Luis, el joven repostero del Cantabria, le escuchaba con tanta atención que Valladolid iba reconstruyéndose espiritualmente a pasos acelerados.
Luis, el repostero, dijo:
—Yo cazaba los patos de madrugada, oculto entre los carrizos de la isla. Bajaban en grandes bandos a la confluencia y la Moña, una perrita que no abultaba lo que un pato, permanecía quieta mientras yo no la dijera: «¡Hala, perrina, a por él!».
—¿No abultaba lo que un pato y no se acobardaba?
—Una mañana me cobró catorce patos —dijo Luis.
—¿Ella sola?
—Yo no hacía más que animarla desde la orilla.
—Bien. ¿Tú puedes decirme, hijo, por qué un hombre a veces se siente empequeñecido?

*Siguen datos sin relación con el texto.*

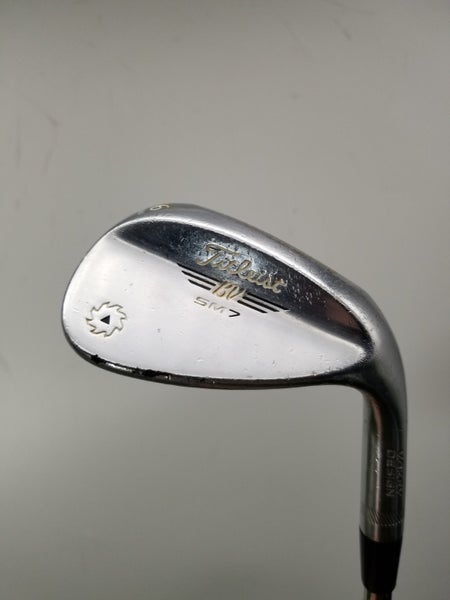 2018 TITLEIST VOKEY SM7 CHROME WEDGE 56/08M WEDGE FLEX VOKEY STEEL 35.5 FAIR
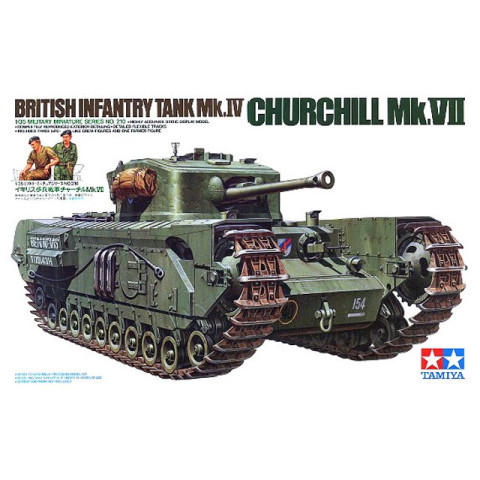 British Infantry Tank Mk.IV Churchill Mk.VII -(35210)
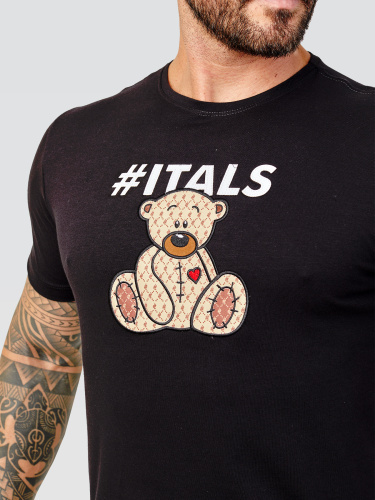 Tshirt itals Bear Heart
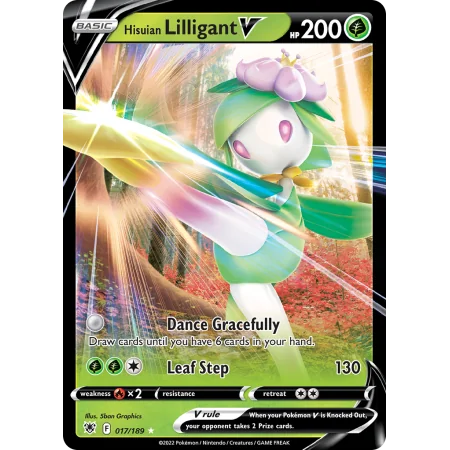 Hisuian Lilligant V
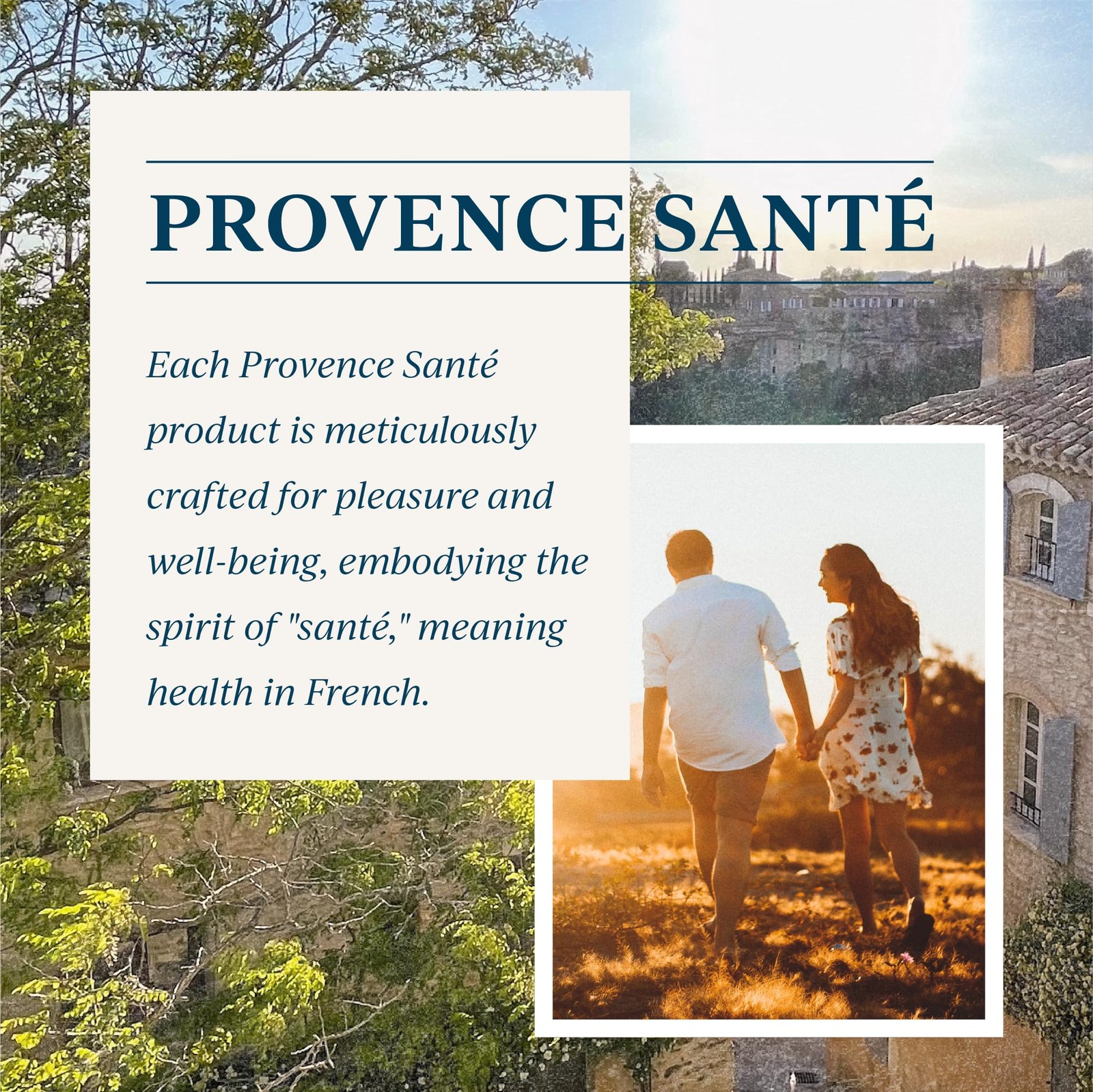 Provence Sante Eau de Toilette Spray – Luxury Long-Lasting Fragrance – Lavender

Luis, el repostero del Cantabria, le miró un momento perplejo y, luego, rompió a reír. No le comprendía. Valladolid, ahora, deseaba vehementemente que Luis, el joven repostero del Cantabria, no le hubiera visto inclinarse sobre la borda y vomitar. En la proa, dos marineros comenzaban a baldear la cubierta. Agregó Luis:
—Hace una hora nos cruzamos con el Queen Mary. Aunque ya amanecía, llevaba dadas todas las luces y parecía un palacio flotante.
—¿Pasó el Queen Mary junto a nosotros?
—A menos de una milla de distancia, señor.
—¡Diablo!
—Me gusta estar sobre cubierta en la amanecida porque se ven los peces voladores con frecuencia.
—¿Viste también peces voladores, hijo?
—Dos rebaños tremendos.
—¡Diablo!
Valladolid pensó: «Mi primer viaje». Pensó: «Escribiré a Marita: "He visto el Queen Mary, que es un palacio flotante, con todas sus luces encendidas, y dos enormes rebaños de peces voladores." También lo escribiría a su padre, que, con mayor exactitud, no era su padre, sino el de Raulito, su mediohermano. En realidad, tendría que decirles: "En mi primer viaje no vi sino un ful de kas que me pisó el contramaestre con un cochino farol, y las piernas de Sonja Henie, esa patinadora rubia de Hollywood"». Luego pensó que lo que viera Luis, el joven repostero del Cantabria, bien pudo verlo él y que más ganaba diciéndole a su padre que vio al Queen Mary en su primer viaje que no que había perdido los tres billetes que a él no le sobraban. «Sí —decidió mentalmente—; escribiré: "En mi primer viaje me crucé con el Queen Mary. Amanecía, pero, no obstante, llevaba dadas todas las luces y parecía un palacio flotante. A popa vi la piscina y la pista de tenis y… y el campo de golf"».
Permaneció un momento caviloso Valladolid, cuyo estómago se iba serenando y que ya no se creía un pobre diablo, sino un hombre importante. La inmensidad del mar le emborrachaba. Se volvió a Luis, el repostero del Cantabria, que bien mirado no era más que un chiquillo:
—Dime, Villamarciel, muchacho, ¿lleva, por casualidad, el Queen Mary campo de golf?